[Assignment]:
As the answer, set down the lines below from the one containing "Preview for 76 page of Mobotix D15D Manual" through the one containing "2009 1719035 237.hy1s09", exactly and inclusively, and no others.

[Supplied entries]:
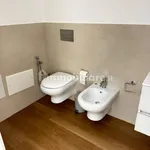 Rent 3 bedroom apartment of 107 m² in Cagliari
---
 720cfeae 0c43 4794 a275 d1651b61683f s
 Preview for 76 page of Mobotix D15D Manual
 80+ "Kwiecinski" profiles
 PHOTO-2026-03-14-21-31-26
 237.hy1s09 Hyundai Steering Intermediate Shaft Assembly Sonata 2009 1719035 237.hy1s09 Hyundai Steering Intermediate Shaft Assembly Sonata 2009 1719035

[Worked solution]:
 Preview for 76 page of Mobotix D15D Manual
 80+ "Kwiecinski" profiles
 PHOTO-2026-03-14-21-31-26
 237.hy1s09 Hyundai Steering Intermediate Shaft Assembly Sonata 2009 1719035 237.hy1s09 Hyundai Steering Intermediate Shaft Assembly Sonata 2009 1719035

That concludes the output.